• WORK ITEM: Hand back every line from the beginning of the data below through the line containing "So here we can", word for word and free of pictures.

*** COLLECTED DATA ***

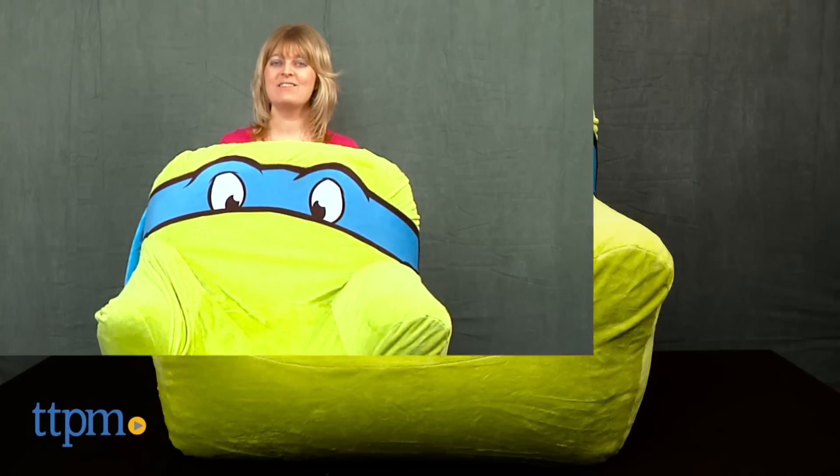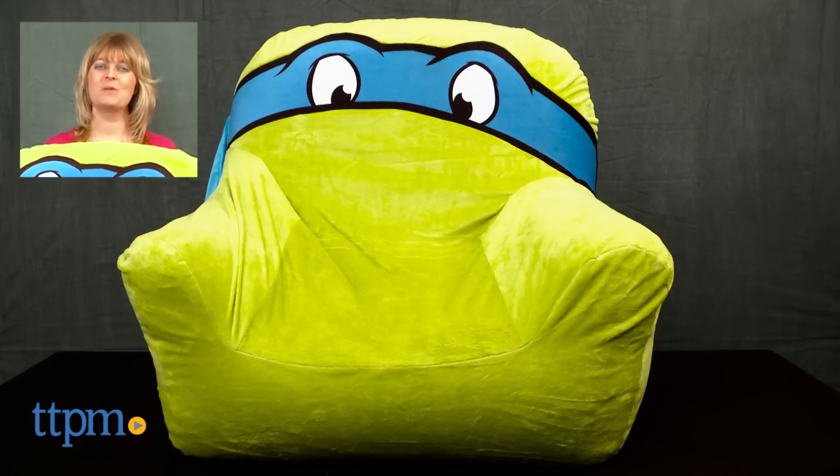The chair is for ages 3 to 6 with a maximum weight limit of 100 pounds. For where to buy and current prices, visit TTPM and subscribe to our YouTube channel for more reviews every day.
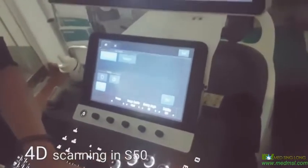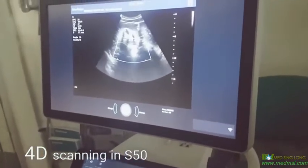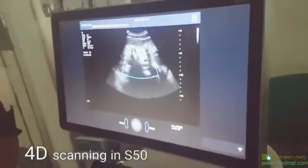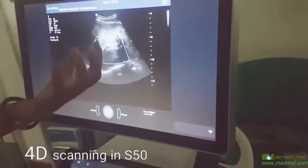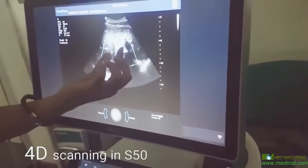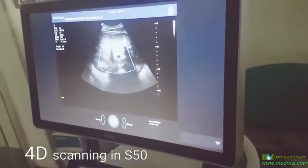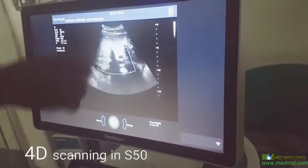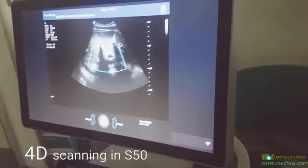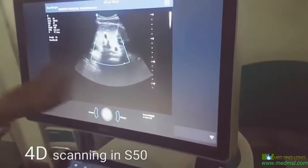So here we can set the region — what are the two boxes for? This box and this corner? The software will only render the area inside the box as a 3D or 4D model. So the baby should be immersed in the amniotic fluid within this region? It depends which part the doctor wants to see. Maybe the doctor only wants to see the face — you just put the face inside the box.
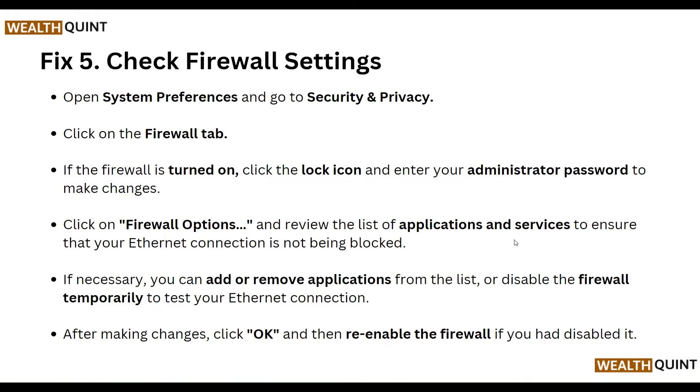Next, check your firewall settings. Open System Preferences and go to Security and Privacy, then click on the Firewall tab. If the firewall is turned on, click the lock icon and enter your administrator password to make changes. Click Firewall Options and review the list of applications and services to ensure your ethernet connection is not being blocked. If necessary, add or remove applications from the list, or temporarily disable the firewall to test. After making changes, click OK and re-enable the firewall if you had disabled it.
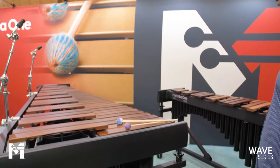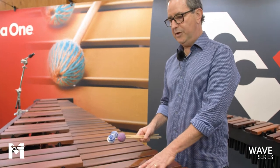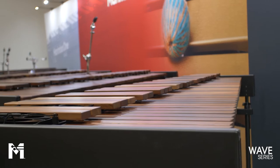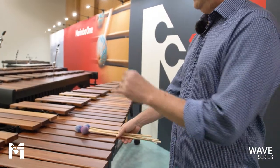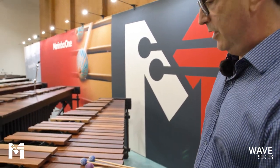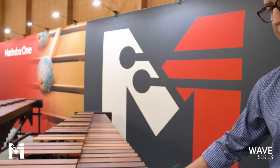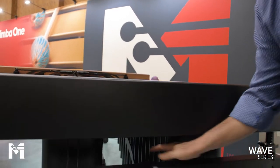It also has our easy height adjustment system. Like all our instruments, you can choose traditional, enhanced, and premium level keyboards, and also classic or Basso Bravo resonators. The last Wave instrument I'll show you is the Wave five-octave concert marimba. It has many of the same features as the front ensemble model except no accessory bar and four-inch wheels instead of eight-inch wheels. The acoustics are the same: traditional, enhanced, or premium keyboard, classic or Basso Bravo resonators, the same sound isolation techniques, and the Wave Lock hardware on the frame.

*** End of COLLECTED DATA ***

• TASK RESULT:
The chair is for ages 3 to 6 with a maximum weight limit of 100 pounds. For where to buy and current prices, visit TTPM and subscribe to our YouTube channel for more reviews every day.
So here we can set the region — what are the two boxes for? This box and this corner? The software will only render the area inside the box as a 3D or 4D model. So the baby should be immersed in the amniotic fluid within this region? It depends which part the doctor wants to see. Maybe the doctor only wants to see the face — you just put the face inside the box.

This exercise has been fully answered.